-- Records supplied follows --
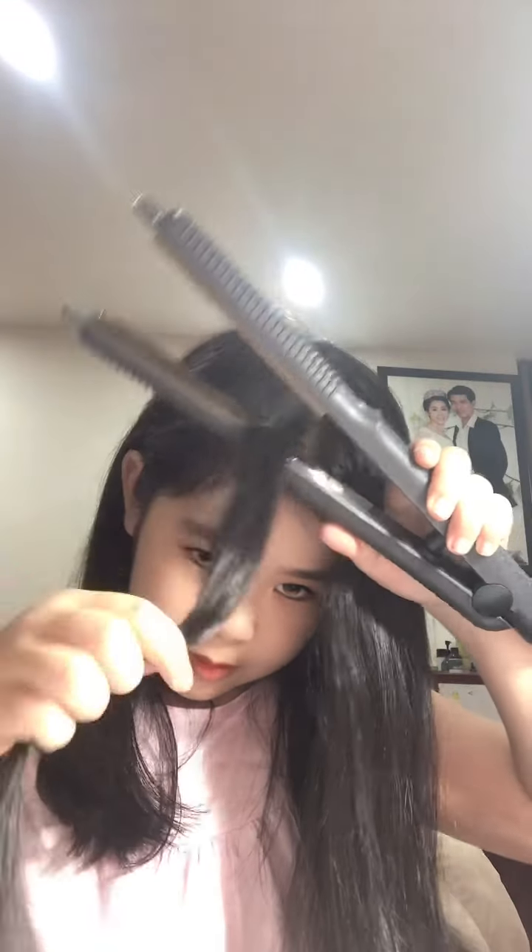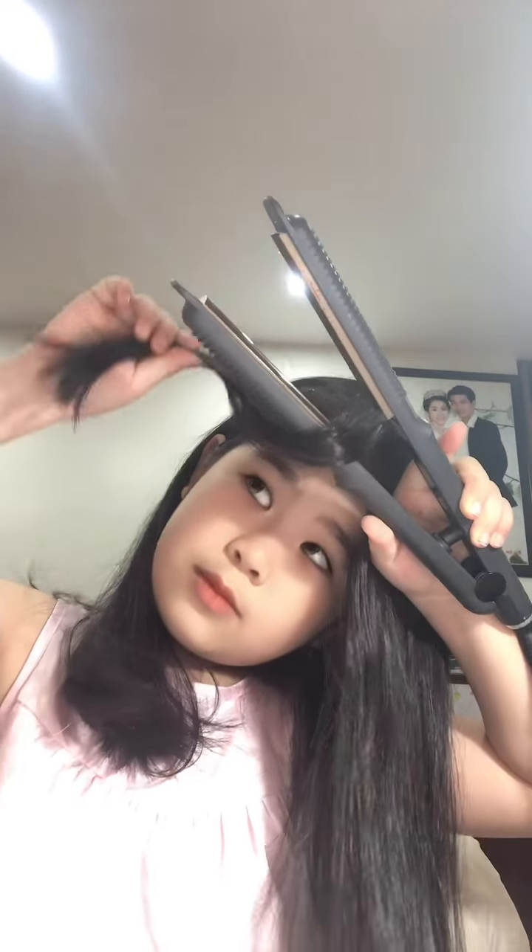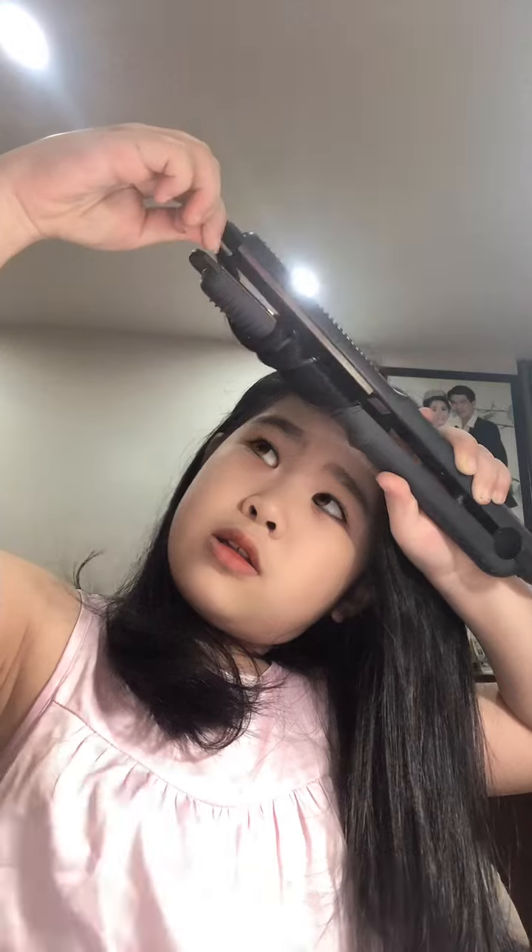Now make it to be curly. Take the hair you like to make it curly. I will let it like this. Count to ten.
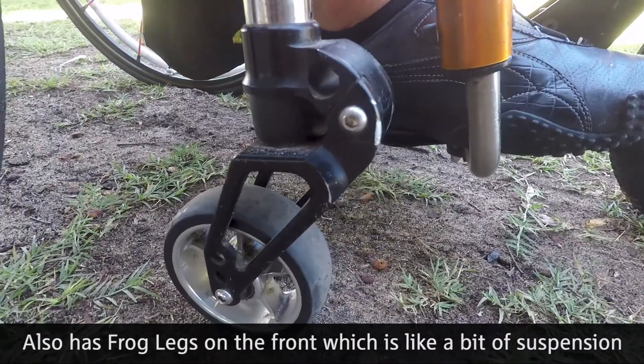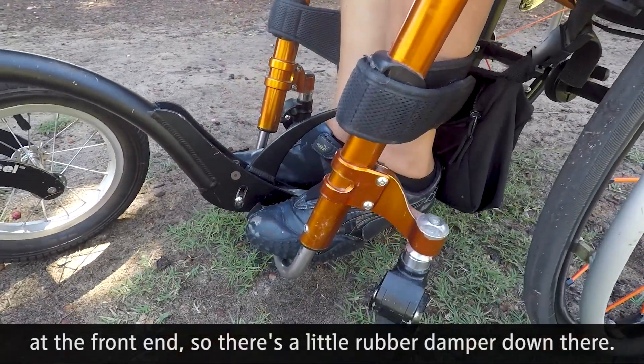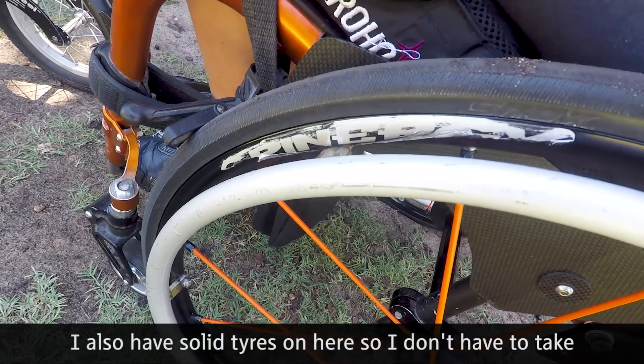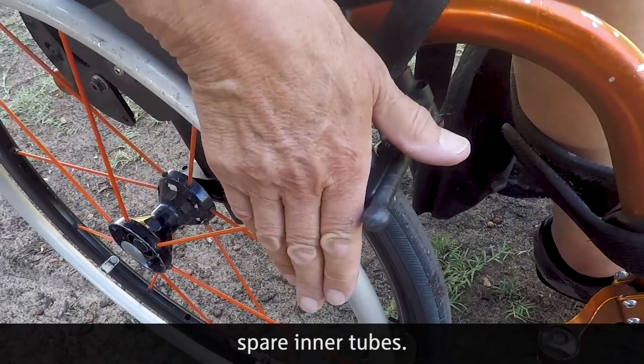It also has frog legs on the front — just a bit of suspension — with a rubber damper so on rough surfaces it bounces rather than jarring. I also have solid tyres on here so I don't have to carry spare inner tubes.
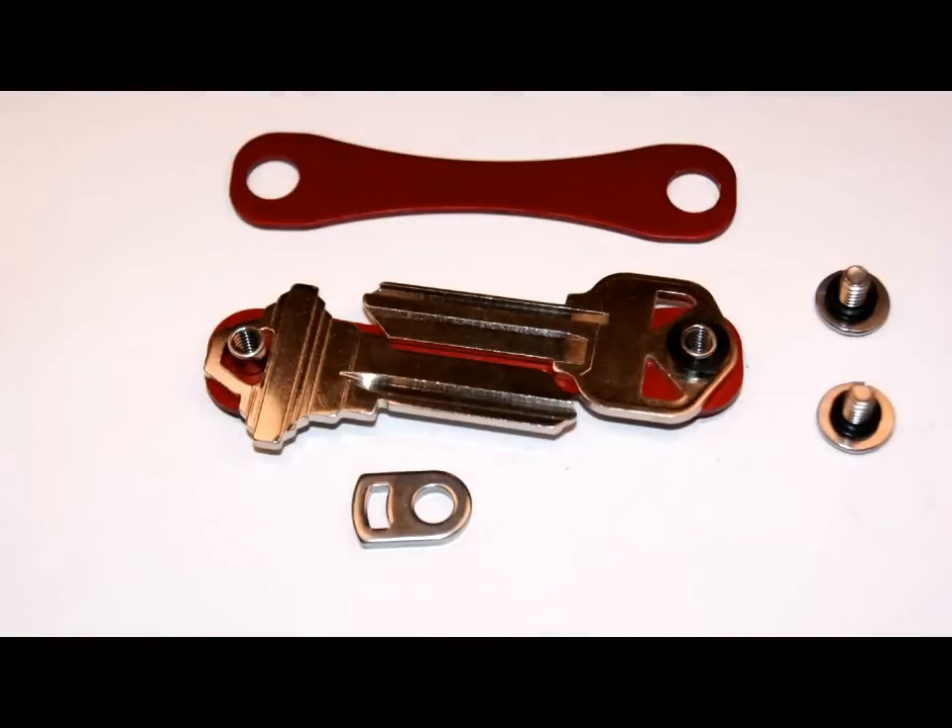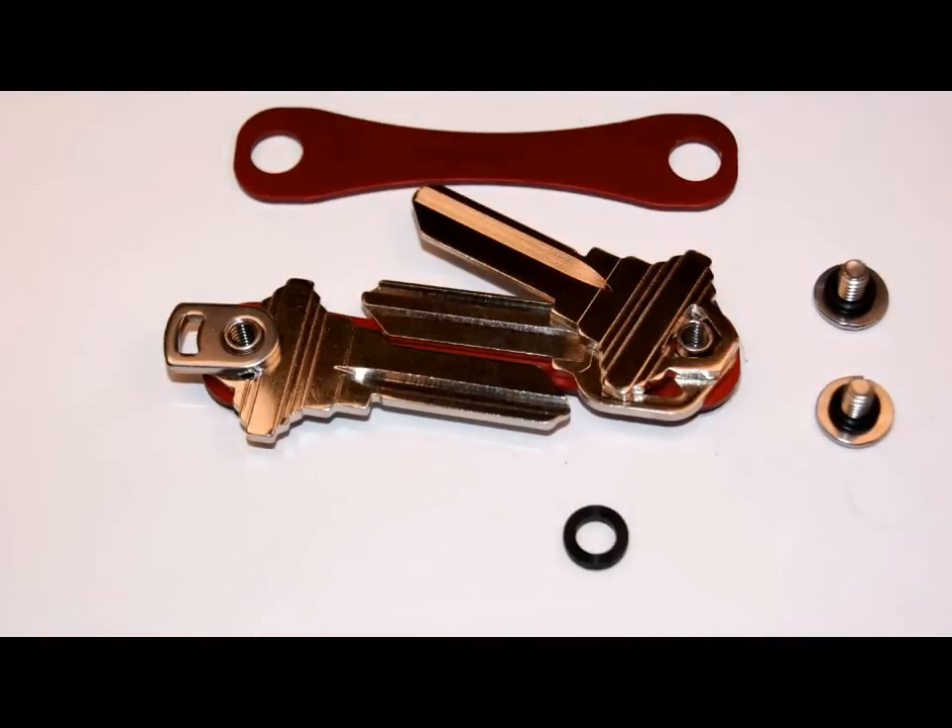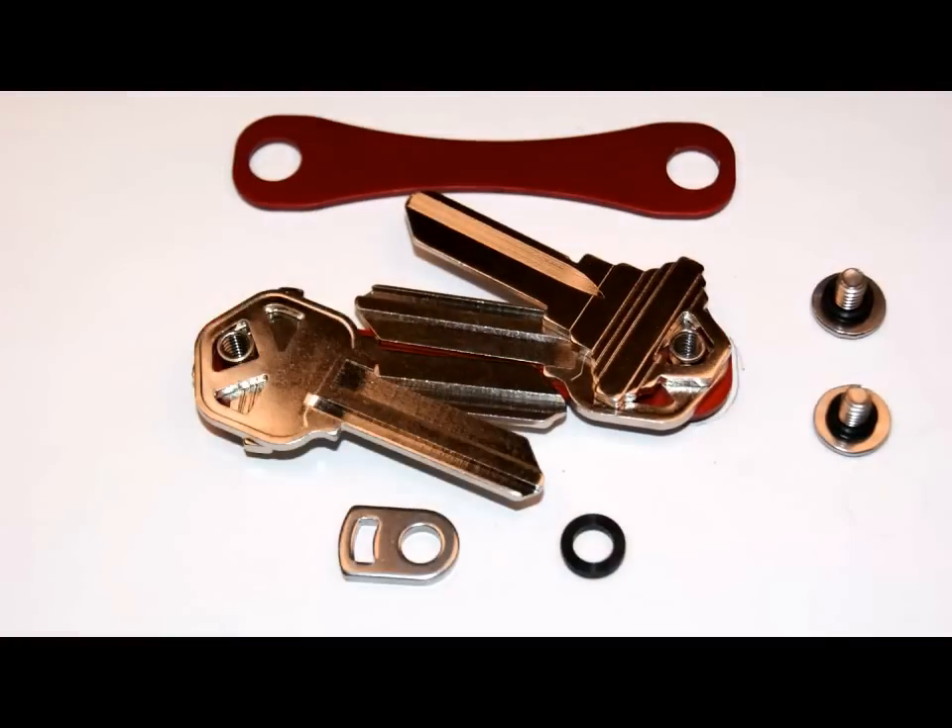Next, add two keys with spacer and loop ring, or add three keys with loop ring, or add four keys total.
-- Records supplied concluded --
-- Records supplied follows --
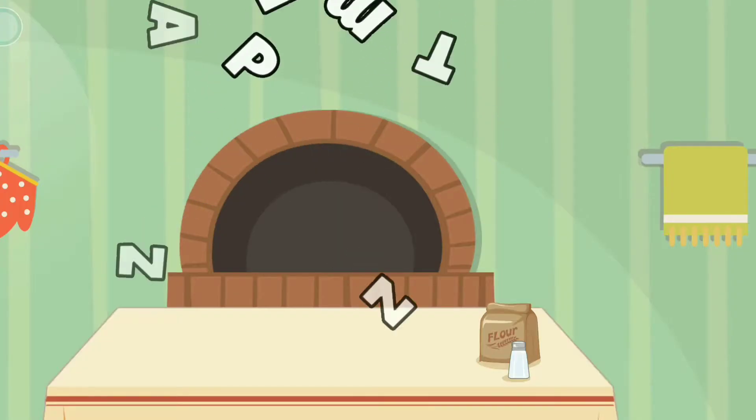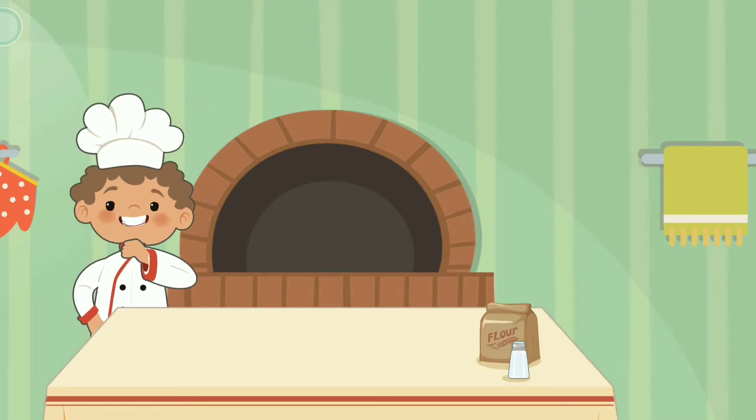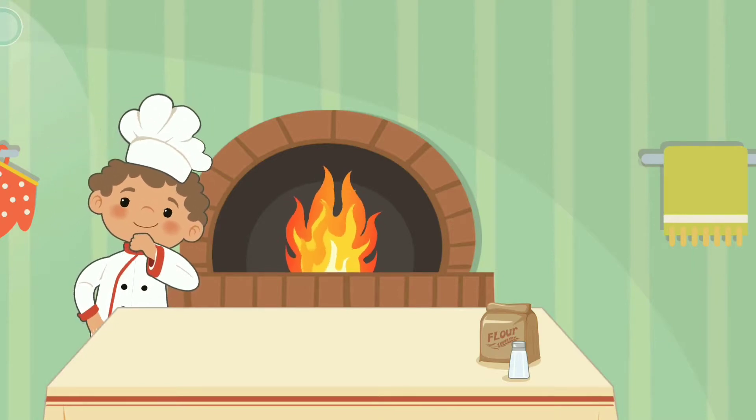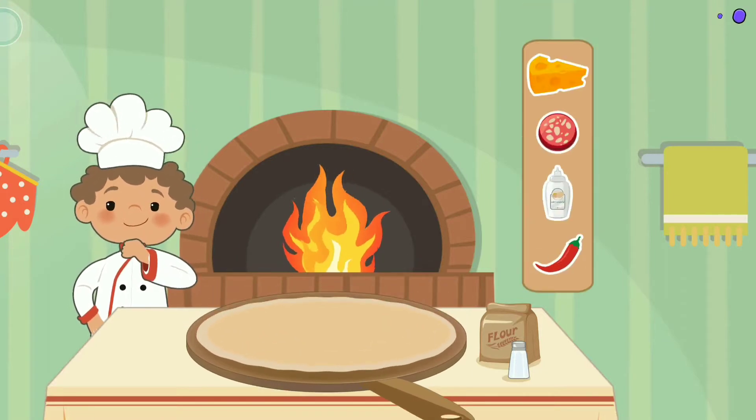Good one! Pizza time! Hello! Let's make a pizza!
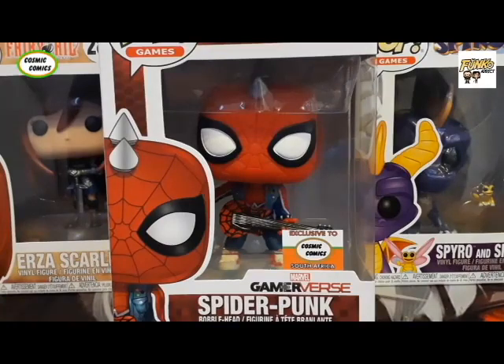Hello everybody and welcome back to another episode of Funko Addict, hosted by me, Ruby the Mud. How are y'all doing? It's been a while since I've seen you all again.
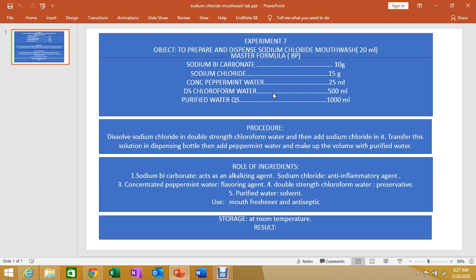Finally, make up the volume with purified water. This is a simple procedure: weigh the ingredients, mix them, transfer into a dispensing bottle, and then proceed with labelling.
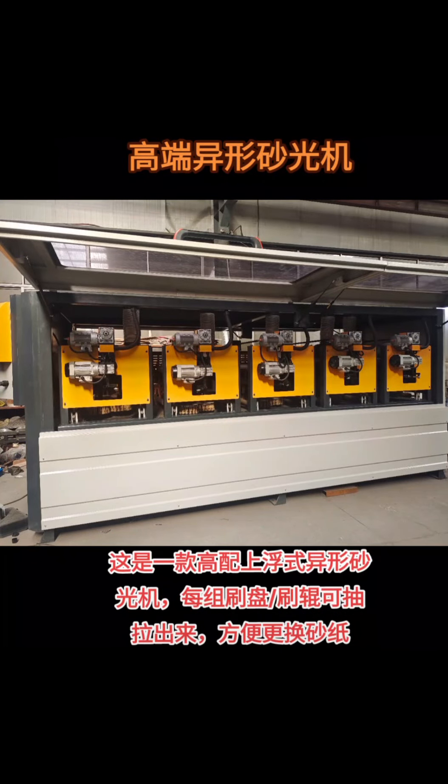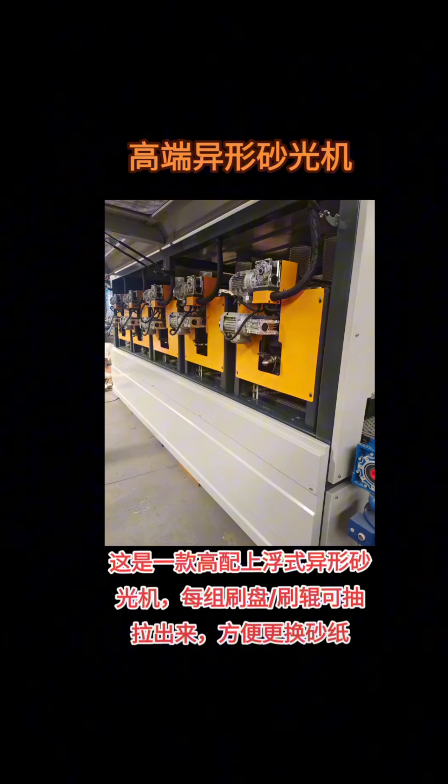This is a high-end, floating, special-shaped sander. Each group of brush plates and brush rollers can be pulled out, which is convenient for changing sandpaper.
-- Records supplied concluded --
• _Task brief_
In the listing above, find the line containing "Good one! Pizza" and the line containing "Finally, make up", then output those two lines and everything between them exactly as written, without the images.

• _Solution to this problem_
Good one! Pizza time! Hello! Let's make a pizza!
Hello everybody and welcome back to another episode of Funko Addict, hosted by me, Ruby the Mud. How are y'all doing? It's been a while since I've seen you all again.
Finally, make up the volume with purified water. This is a simple procedure: weigh the ingredients, mix them, transfer into a dispensing bottle, and then proceed with labelling.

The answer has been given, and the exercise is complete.